You need to use this option only if the target website uses SSL encryption and the protocol in CURLOPT_URL is https:. An example is shown in Example A-12.

Example A-12. Configuring PHP/CURL not to use a local client certificate

curl_setopt($ch, CURLOPT_SSL_VERIFYPEER, FALSE);    // No certificate

Depending on the version of PHP/CURL you use, this option may be required; if you don’t use it, the target server will attempt to download a client certificate, which is unnecessary in all but rare cases.

CURLOPT_USERPWD and CURLOPT_UNRESTRICTED_AUTH

As shown in Example A-13, you may use the CURLOPT_USERPWD option with a valid username and password to access websites that use basic authentication. In contrast to when using a browser, you will have to submit the username and password to every page accessed within the basic authentication realm.

Example A-13. Configuring PHP/CURL for basic authentication schemes

curl_setopt($s, CURLOPT_USERPWD, "username:password");
curl_setopt($s, CURLOPT_UNRESTICTED_AUTH, TRUE);

If you use this option in conjunction with CURLOPT_FOLLOWLOCATION, you should also use the CURLOPT_UNRESTRICTED_AUTH option, which will ensure that the username and password are sent to all pages you’re redirected to, provided they are part of the same realm.

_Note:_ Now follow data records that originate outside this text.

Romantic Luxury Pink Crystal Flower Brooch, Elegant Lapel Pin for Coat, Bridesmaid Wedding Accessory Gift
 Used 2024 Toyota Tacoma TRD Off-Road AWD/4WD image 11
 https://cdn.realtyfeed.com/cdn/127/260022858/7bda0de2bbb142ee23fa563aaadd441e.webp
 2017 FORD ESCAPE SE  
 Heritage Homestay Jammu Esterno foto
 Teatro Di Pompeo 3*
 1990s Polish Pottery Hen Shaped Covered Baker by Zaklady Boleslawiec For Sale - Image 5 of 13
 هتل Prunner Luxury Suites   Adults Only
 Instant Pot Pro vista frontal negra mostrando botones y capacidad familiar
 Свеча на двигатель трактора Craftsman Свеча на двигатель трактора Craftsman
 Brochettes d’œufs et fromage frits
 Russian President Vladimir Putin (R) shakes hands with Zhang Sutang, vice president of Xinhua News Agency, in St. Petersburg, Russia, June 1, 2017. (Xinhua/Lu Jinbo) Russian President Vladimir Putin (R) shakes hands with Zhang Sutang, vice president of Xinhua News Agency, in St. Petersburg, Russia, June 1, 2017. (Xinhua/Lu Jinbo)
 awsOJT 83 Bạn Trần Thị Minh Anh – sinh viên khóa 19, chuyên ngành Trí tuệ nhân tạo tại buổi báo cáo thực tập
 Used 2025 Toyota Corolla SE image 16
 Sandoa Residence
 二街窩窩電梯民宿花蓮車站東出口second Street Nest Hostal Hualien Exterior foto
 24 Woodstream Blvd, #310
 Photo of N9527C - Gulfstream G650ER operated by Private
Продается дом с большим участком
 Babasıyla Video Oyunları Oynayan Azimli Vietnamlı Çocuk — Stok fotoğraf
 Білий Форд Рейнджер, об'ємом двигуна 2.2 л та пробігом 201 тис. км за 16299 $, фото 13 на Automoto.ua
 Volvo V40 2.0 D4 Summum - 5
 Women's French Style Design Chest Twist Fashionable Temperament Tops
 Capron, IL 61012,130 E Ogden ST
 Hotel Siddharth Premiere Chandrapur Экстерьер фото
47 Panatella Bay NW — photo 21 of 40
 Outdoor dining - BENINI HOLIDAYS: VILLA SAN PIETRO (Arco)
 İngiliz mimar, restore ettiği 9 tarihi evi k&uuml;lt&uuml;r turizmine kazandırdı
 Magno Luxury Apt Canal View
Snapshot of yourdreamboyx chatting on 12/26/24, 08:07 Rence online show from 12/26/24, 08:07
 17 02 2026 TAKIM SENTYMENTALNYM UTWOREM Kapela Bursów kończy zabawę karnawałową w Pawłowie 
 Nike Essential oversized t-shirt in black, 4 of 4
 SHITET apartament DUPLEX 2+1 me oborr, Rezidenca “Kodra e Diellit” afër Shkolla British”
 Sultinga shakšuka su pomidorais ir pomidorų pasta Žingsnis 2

Exercise caution with using CURLOPT_USERPWD, as you can inadvertently send username and password information to the wrong server, where it may appear in access log files.

CURLOPT_POST and CURLOPT_POSTFIELDS

The CURLOPT_POST and CURLOPT_POSTFIELDS options configure PHP/CURL to emulate forms with the POST method. Since the default method is GET, you must first tell PHP/CURL to use the POST method. Then you must specify the POST data that you want to be sent to the target web server. An example is shown in Example A-14.

Example A-14. Configuring POST method transfers

curl_setopt($s, CURLOPT_POST, TRUE);             // Use POST method
$post_data = "var1=1&var2=2&var3=3";             // Define POST data values
curl_setopt($s, CURLOPT_POSTFIELDS, $post_data);

Notice that the POST data looks like a standard query string sent in a GET method. Incidentally, to send form information with the GET method, simply attach the query string to the target URL.

CURLOPT_VERBOSE

The CURLOPT_VERBOSE option controls the quantity of status messages created during a file transfer. You may find this helpful during debugging, but it is best to turn off this option during the production phase, because it produces many entries in your server log file. A typical succession of log messages for a single file download looks like Example A-15.

Example A-15. Typical messages from a verbose PHP/CURL session

* About to connect() to www.schrenk.com port 80
* Connected to www.schrenk.com (66.179.150.101) port 80
* Connection #0 left intact
* Closing connection #0

If you’re in verbose mode on a busy server, you’ll create very large log files. Example A-16 shows how to turn off verbose mode.

Example A-16. Turning off verbose mode reduces the size of server log files.

curl_setopt($s, CURLOPT_VERBOSE, FALSE);        // Minimal logs

CURLOPT_PORT

By default, PHP/CURL uses port 80 for all HTTP sessions, unless you are connecting to an SSL-encrypted server, in which case port 443 is used.^[103] These are the standard port numbers for HTTP and HTTPS protocols, respectively. If you’re connecting to a custom protocol or wish to connect to a non-web protocol, use CURLOPT_PORT to set the desired port number, as shown in Example A-17.

Example A-17. Using nonstandard communication ports

curl_setopt($s, CURLOPT_PORT, 234);            // Use port number 234

Note

Configuration settings must be capitalized, as shown in the previous examples, because the option names are predefined PHP constants. Your code will fail if you specify an option as curlopt_port instead of CURLOPT_PORT.

^[102] You can find a complete set of PHP/CURL options at http://www.php.net/manual/en/function.curl-setopt.php.

^[103]Well-known and standard port numbers are defined at http://www.iana.org/assignments/port-numbers.